In conceiving my column on Occupy Cornell, I had intended to compose an utterly scathing critique. Indeed, I walked up to their General Assembly on Ho Plaza in my Sabbath best, ready to document the chronic hypocrisy and silliness that follows the unfortunately titled “Occupy” movements. In short, I went in guns blazing; unfortunately, I can’t deliver.
The problem is this: They're too nice. This is true both on a personal and general level.
On a personal level, they treated me with the utmost kindness. During a vote on whether I could observe the meeting (important note: they vote on everything), one student spoke on my behalf. He stated he wouldn't let just any old columnist attend, but that the quality of my work was sufficient that he'd permit even a rabid conservative (my term) like myself to join the ranks. I was allowed to stay. Truth be told, I blushed.
On a general level, their goals are harmless, and are tempered by a genuine concern for not upsetting anyone too much. A good number of them want to create a space for discussion of political ideas and policy problems. Others merely wish to put democratic principles into action.
But all were wary of rocking the boat. One grad student argued against “occupying” Willard Straight Hall, since he was technically an employee of the University and was worried about the consequences of such a move. A community member asserted that there was no need to “put pressure” on Cornell to meet their demands. Perhaps most tellingly, when one student began chanting “WE-ARE-THE-99-PERCENT!” on our march from Ho Plaza to Goldwin Smith (it was too cold outside), only a few participants joined in, and all looked sheepish — not least because a crowd of students and their parents looked on with befuddlement.
In this sense Occupy Cornell is markedly different from its counterparts. We won't see destruction of private property or livelihoods, as in New York City, or violent confrontation with the police, as in Oakland. I don't think the movement here is capable of that. At most we should expect statements of solidarity, a few marches and, weather permitting, more General Assemblies in public spaces.
This is 21st century Ivy League activism, pure and simple. It's small (18 people attended the meeting), maintains vaguely-defined goals and disavows action that might truly disrupt the workings of the University.
The “nice” character of Occupy Cornell is most evident in its emphasis on consensus. For any proposal to go into effect — say, whether the group should move indoors due to the cold — everyone must agree.
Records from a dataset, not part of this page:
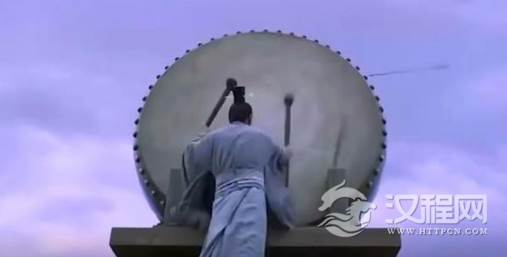 1577176526521233.png image.png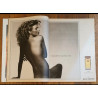 Le nouveau F magazine N°14 1983 vintage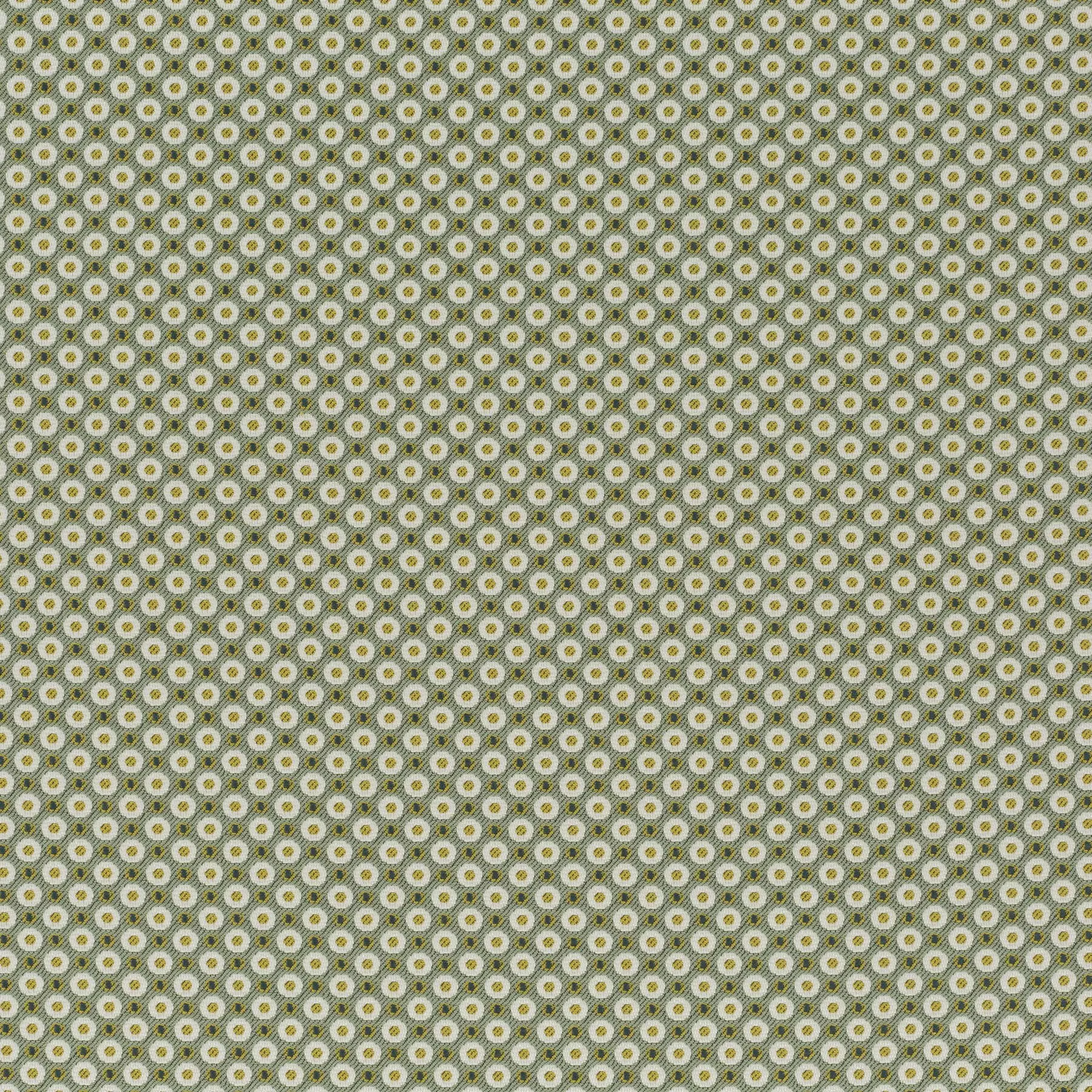 Bright Sky - Ca1846/030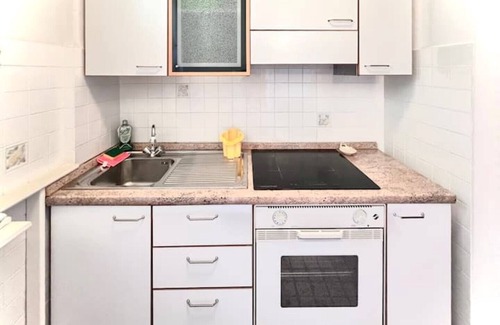 Lido di Fermo Apartment | Sea front apartment -high speed wifi, bikes, parking, climate, Marche Region ideal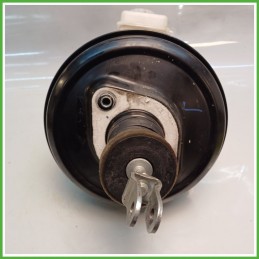 Servofreno Pompa Freni Depressore DR 720040008 DR dr5 1.6 16V 720040008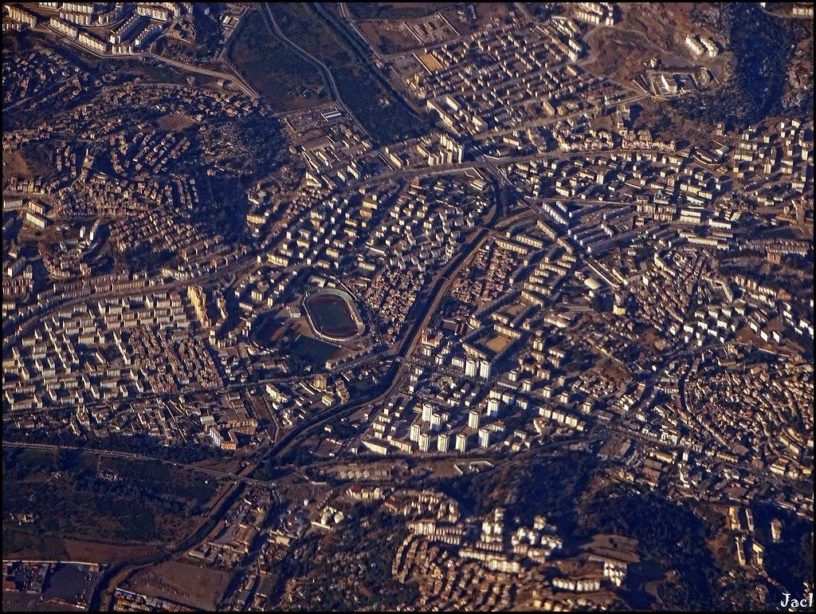 Skikda
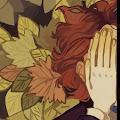 Candlequeen profile photo
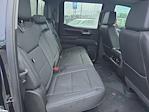 2024 Chevrolet Silverado 1500 Crew Cab 4WD Pickup for sale #408431 - photo 21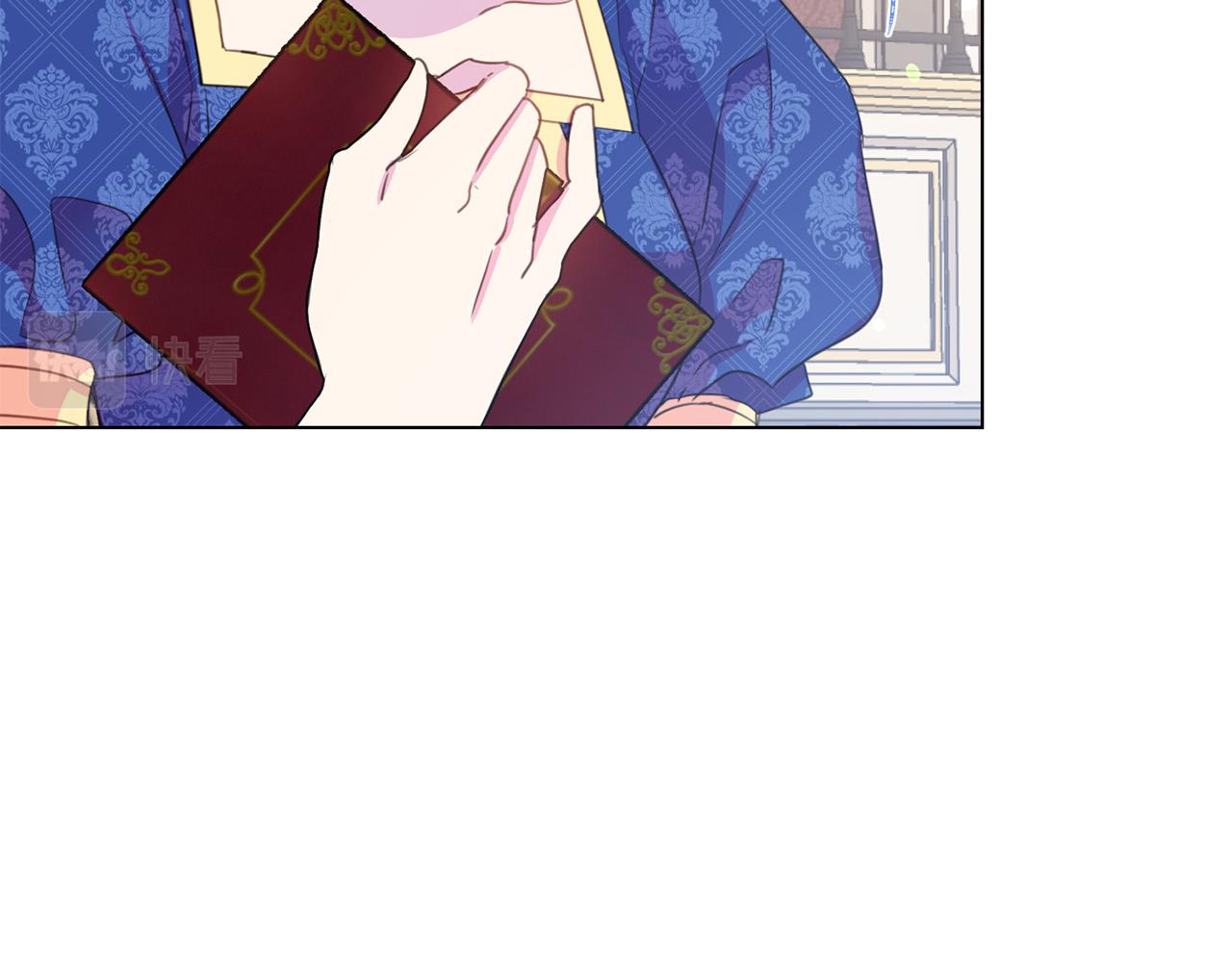 第99话 老婆生气了！36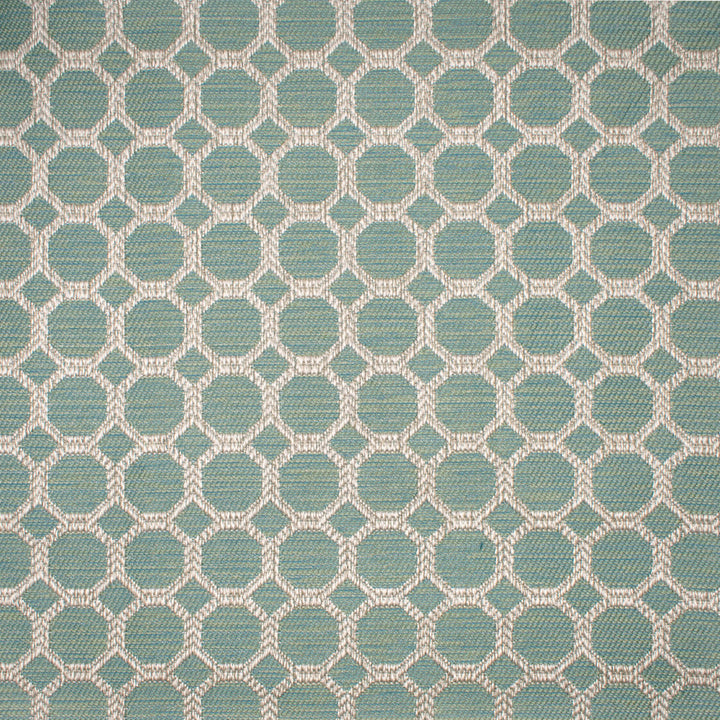 F1670 Bahama by Greenhouse Fabric 100% Polyester China 55,000 </p><p>Repeat: 1.5" H, 1.5" V 58" - Fabric Carolina -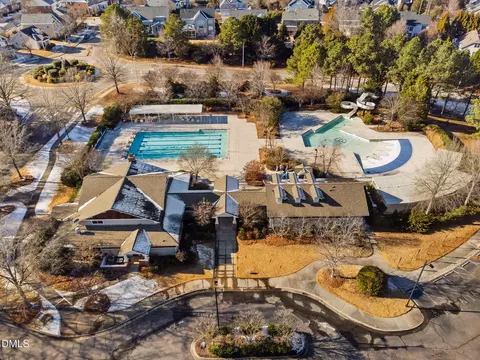 Other - 371 Bridgegate Dr, Cary, NC 27519 photo 10 of 13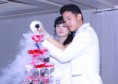 Wedding Album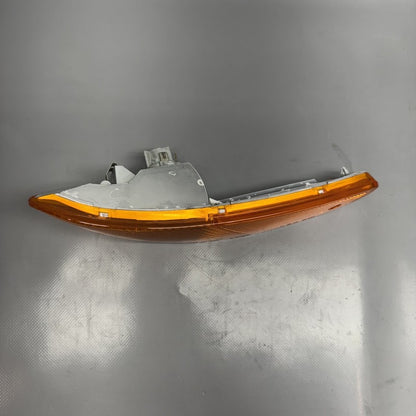 7678005 BMW K 1200LT TURN SIGNAL LEFT FRONT 2005 2006 2007 2008 OEM 7678005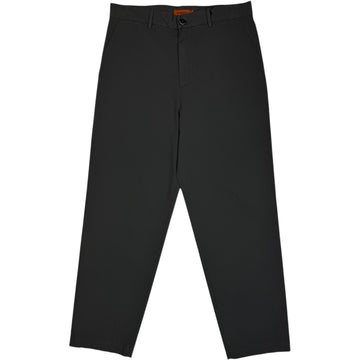 Canasta Trouser Pavion Piombo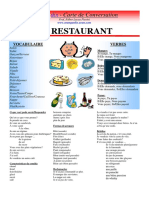 Carte Conversation3 PDF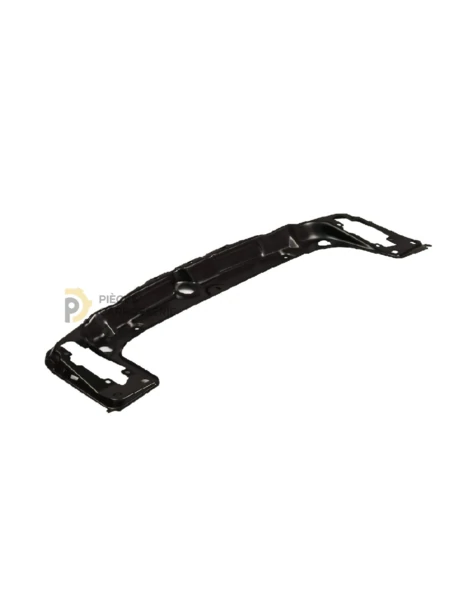 Traverse avant supérieure pour BMW Série 3 F30/F31 2012-2018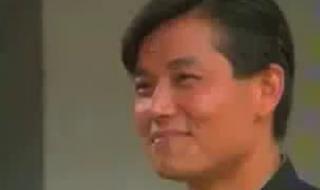 海鸥飞处彩云飞优酷 海鸥飞处彩云飞优酷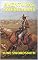 Livro AVENTURAS AMERICANAS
If even one participant disagrees, proposals are revised until everyone consents. This is done so that Occupy Cornell creates, in the words of its organizers, “a space that is as egalitarian, democratic and welcoming as possible, a space where everyone feels their voice is heard.”
On the one hand, this position reflects an admirable sentiment. In demanding absolute consensus, however, Occupy Cornell — as well as its less nice counterparts — proposes a wholly unrealistic vision of political life.
Politics, in my conception, requires a competition of ideas, which leads us to a not so nice conclusion: Some ideas will lose out, and some individuals will not be heard. We must therefore advocate our positions through serious discussion and argument.
Our political positions, developed through individual experience, study and reflection, embody the highest values we hold. When expressed in a public political forum, they necessarily reflect different aspects of the human whole. Therefore, not only is a perfectly consensual system impossible — as we will always disagree on values of the utmost importance — but it is also undesirable, as it fails to reflect the deep and abiding differences amongst individuals.
So if there's consensus at any of these Occupy assemblies, it's likely for one of two reasons: either the proposals are so narrow and obvious that there's no reason to disagree — say, “should we move inside in this 30 degree weather?” — or the participants are so ideologically similar that we can predict their consensus vote on any given proposal — say, “should we allow Pete Seeger to lead us in a stirring labor ballad?”
The Occupy movements therefore do not foreshadow a new form of politics. This “absolute consensus” cannot translate to a larger stage. The idea that it can reflects the “nice” assumption that politics may transcend self-interest and the foolish one that denies the importance of strong, persistent disagreement. Occupy Cornell, sharing both, deserves our vigorous disapproval. But certainly not our scorn. Indeed, this would fly in the face of the column advice offered by the General Assembly’s leader as I left: “Be nice, Judah.”